Before I begin complaining, let me first clarify that the opening half an hour of Saving Private Ryan is a wonder of modern cinema. Similar to Gladiator in its powerful depiction of the terrors of battle, this hits the viewer even harder as we realise this

was our grandparents' generation, laying down their lives for our freedom. The emotional proximity affords most of the affect here, but credit must also go to the cinematic prowess of director Stephen Spielberg, frequent focus of this blog.

Nevertheless, I am mainly going to complain - and no, not about the total absence of British and Commonwealth troops in this film (let's face it, we're used to Hollywood monopolising on World War heroism). Rather, I want to encourage you to consider the depiction of the Nazis in this film. I've discussed elsewhere the convenience of utilising this group as cannon fodder in action films, but I found this simply unacceptable in this film which purports to being "saying something" about the dehumanising nature of war. Repeatedly we're offered supposedly "deep" ideas about the loss of individuality and identity in war, such as through terrified (American/ and one German) soldiers, and the discovery of Hitler Youth dead.
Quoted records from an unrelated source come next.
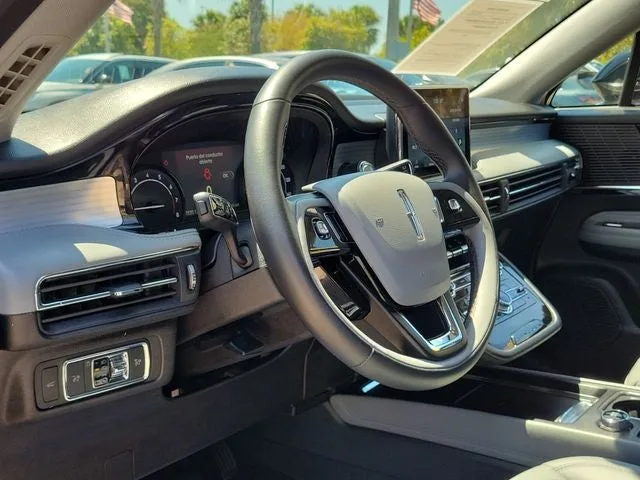 2022 Lincoln Corsair Standard photo 9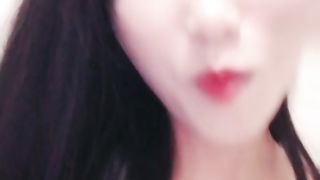 【69免费视频】兔牙小骚妇白嫩少妇粉嫩美乳小淫穴性爱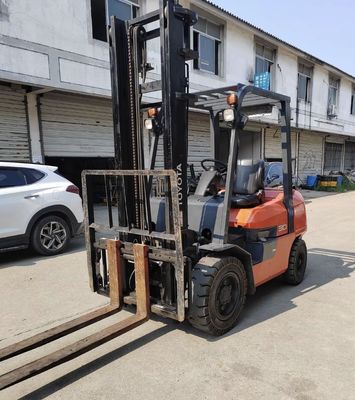 Compact TOYOTA 30 Vorkheftruck Tweedehands machinebouw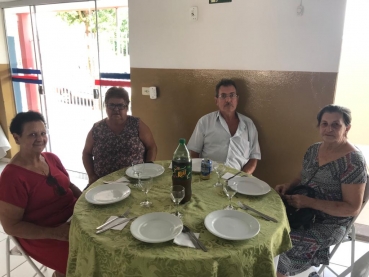 Foto 75: Terceira Idade promove encontro para confraternização ao Final de Ano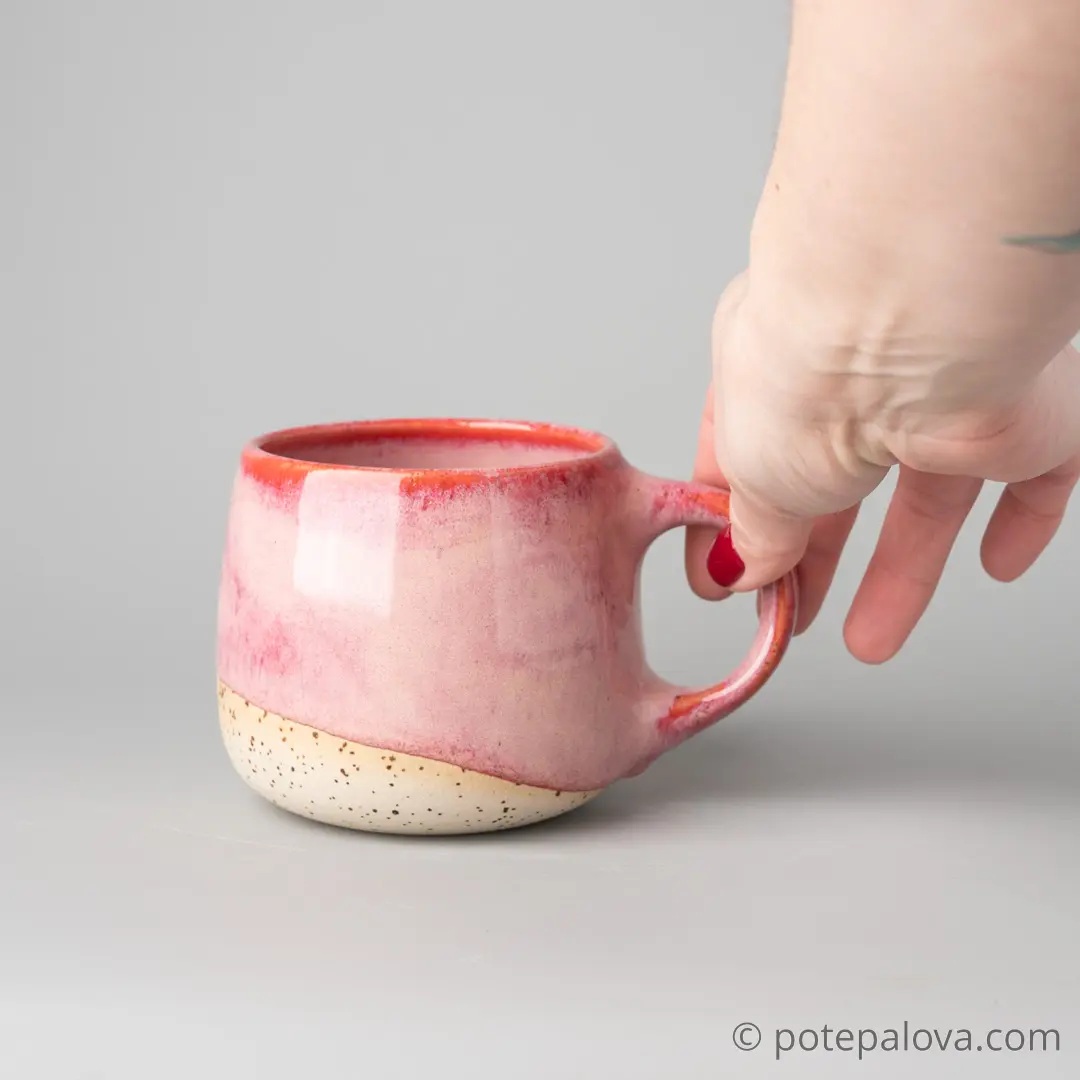 картинка Кружка гончарная Sigma розовая "Груша" 1 - 420 мл - DishWishes.Ru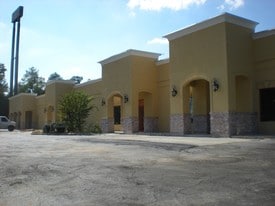 Retail - Parking Garage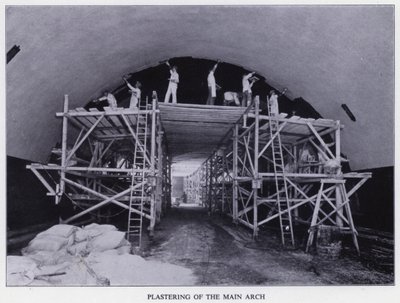 Mersey Tunnel: Plastering of the Main Arch (s/hv-bilde) av English Photographer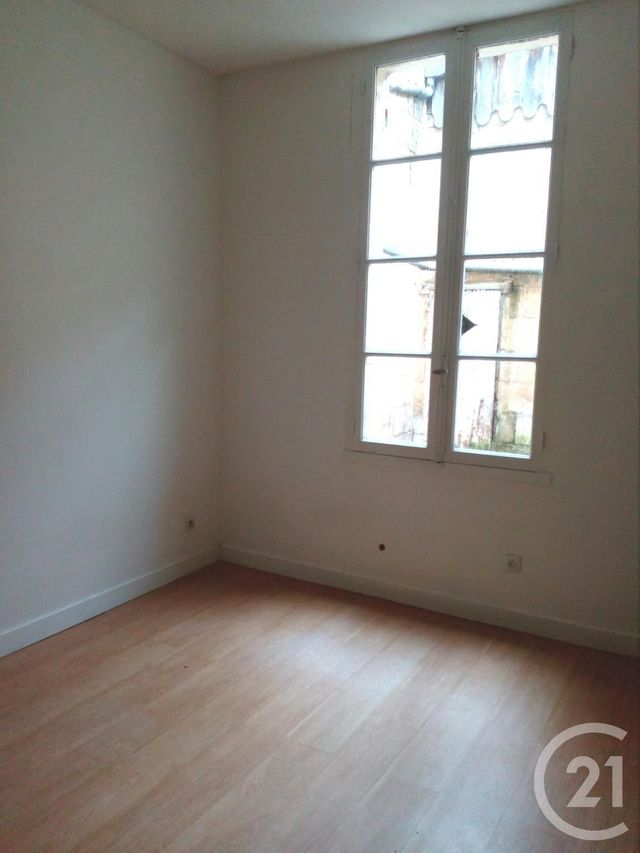 maison à vendre - 8 pièces - 224.0 m2 - ST MEDARD DE GUIZIERES - 33 - AQUITAINE - Century 21 G&B Immobilier maison à vendre - 8 pièces - 224.0 m2 - ST MEDARD DE GUIZIERES - 33 - AQUITAINE - Century 21 G&B Immobilier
However, this is swiftly undercut by the way the film encourages us to side so unreservedly with the Americans. Obviously I am not suggesting leniency towards the Nazis or their cause: what I'm saying it is that if you're going to attempt to say something about how war doesn't account for humanity, don't then go and strip your characters of humanity. In all the action sequences the American deaths are tragic, and the German losses a victory. Understandably this binary perspective is hard to lose, but no allowance is made to consider the tragedy of the individual German deaths, something which the film claims to consider in other sections. As ever I will not give spoilers, but towards the end there is a revenge narrative that makes me really uneasy - in fact, I was quite angry. If you know the bit I mean I'd be interested to hear what you thought.

Although Tom Hanks, and indeed all the cast (which includes an on form Matt Damon) do an impressive job with a relatively unimaginative (although sometimes poignant) script, I found this film fell rather flat given its contradictory messages. Filmmakers, if you're going to focus on action, then fair enough, go for it (Saving Private Ryan really does do its action well). But, if you're going to aim for insight, get your story straight first. 
In short, I'll give this film a general recommendation, but I'd have preferred Spielberg and screenwriter Robert Rodat to have spent more time at the drawing board.